All Sparta, No Athens: The Decline and Fall of Empires
Keen On America
The rise of intolerance and tribalism
Norberg links intolerance to economic stagnation, social media fragmentation, and tribal instincts on left and right.
Whither America? It’s the question that the Swedish writer Johan Norberg examines in both a recent Washington Post op-ed as well as his new book, Peak Human. What we can learn from history’s great civilizations, Norberg argues, is that they decline when they turn inward, away from both the outside world and innovation. “All Sparta, no Athens”, as he puts it. So what does that tell us not only about Trump’s America but also Putin’s Russia and Xi’s China? And what should we make of Europe, which is neither Sparta nor Athens? And when compared with China, Russia and Europe, Norberg’s vision of the American future seems relatively sunny. So maybe, with or without MAGA, the 21st century really will be the American century.

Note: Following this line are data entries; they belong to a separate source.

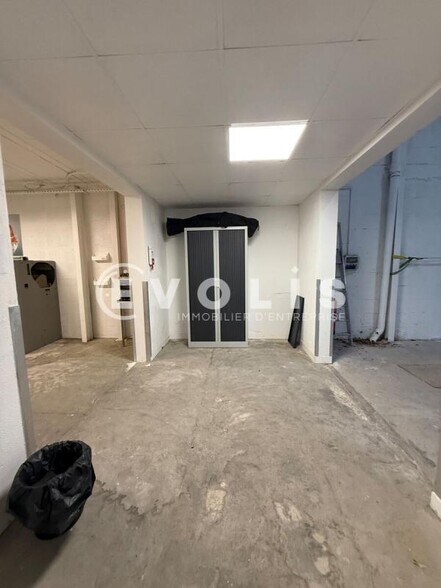 Light Industrial in Vénissieux to rent - Interior Photo - Image 2 of 4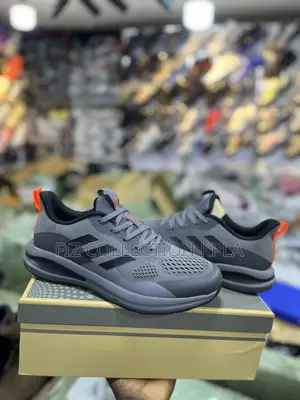 Original Adidas Lightmotion Runner Grey | Lightweight Running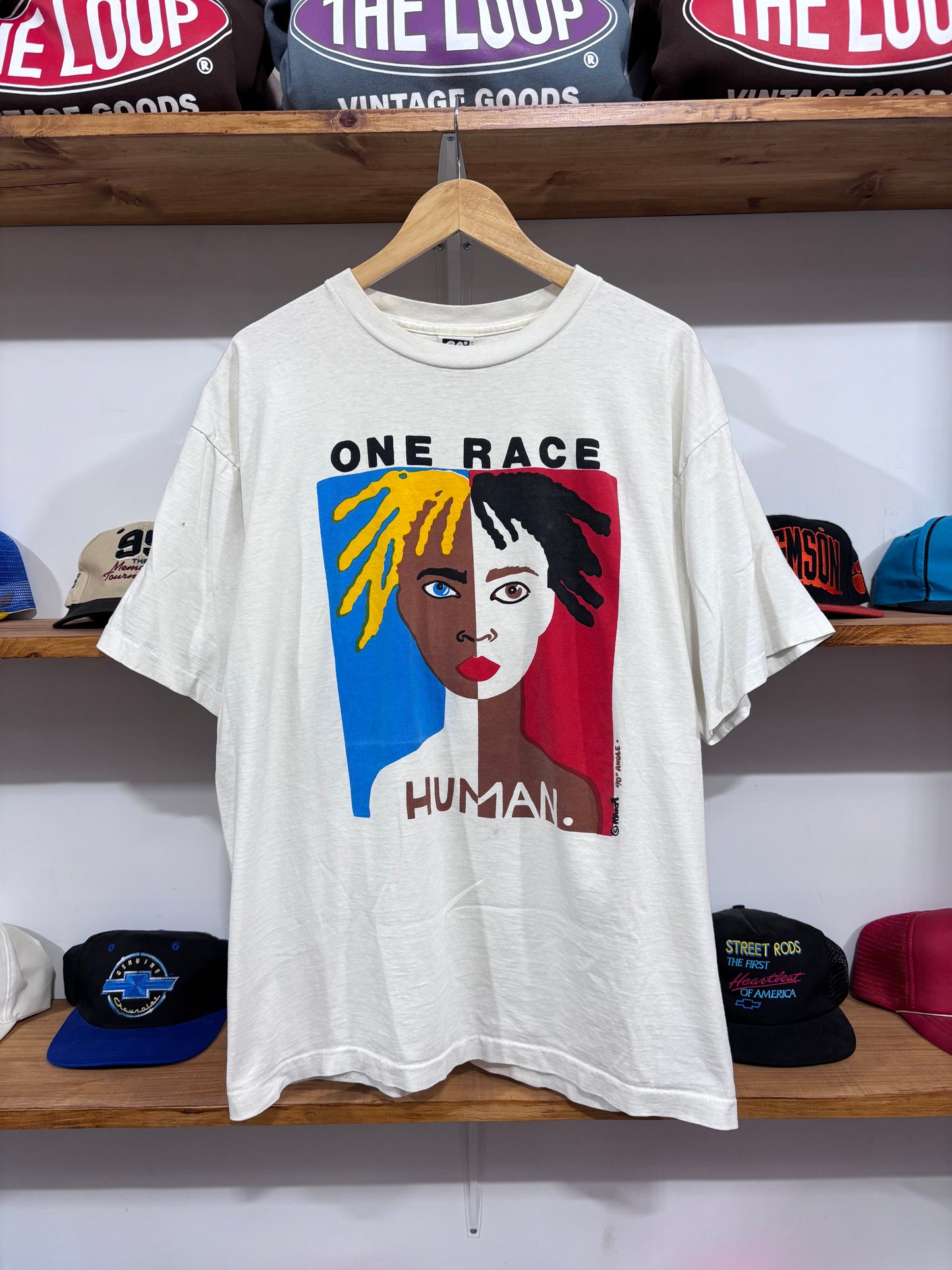 Vintage One Race Human Tee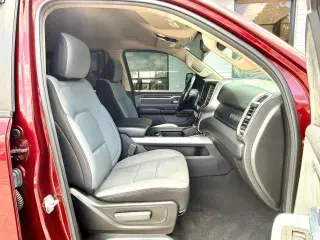 Ram 1500 2019 4x4 Big Horn Crew Cab de 4 puertas y batea de 5.6 pies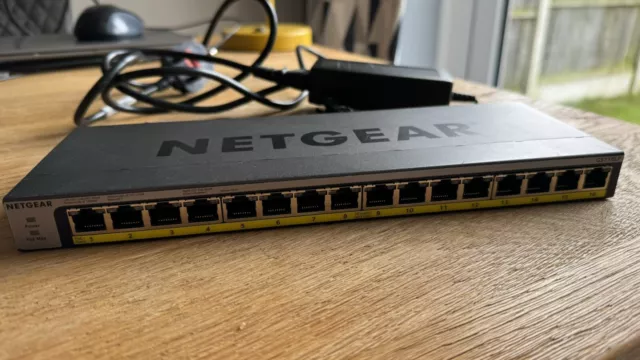 Netgear GS116LP 16-port PoE / PoE+ Gigabit Unmanaged Switch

* MAGA doesn’t fit any traditional conservative or liberal framework. It’s a radical ideology built around a strongman who has no patience for democratic process, rule of law, or compromise—precisely the institutions that classical liberalism and genuine conservatism have always sought to protect.
* Declining empires are the most dangerous. Russia is “all Sparta, no Athens”—a society that builds barracks rather than innovation, extracts resources rather than creates wealth, and fears any neighboring democracy that might give its own people ideas. Putin may sense this is his last chance to rearrange the world order.
* China’s split personality may doom its long-term prospects. Deng Xiaoping borrowed from Athens—openness, experimentation, “crossing the river by feeling the stones.” Xi Jinping has reverted to Sparta—centralized control that can build electric vehicle factories fast but stifles the strange surprises that drive real innovation.
* America’s saving grace may be its constitutional limits. The courts are the only branch doing their job right now, striking down unconstitutional overreach one case at a time. Republicans know there’s life after Trump—and after two centuries of championing the Constitution, they can’t simply throw it aside.
* Europe is Rome without the military power. The EU’s great idea—an open continent that experiments with different solutions—is undermined by a Mandarin class in Brussels that insists on standardizing everything. That’s why great European startups keep moving to California.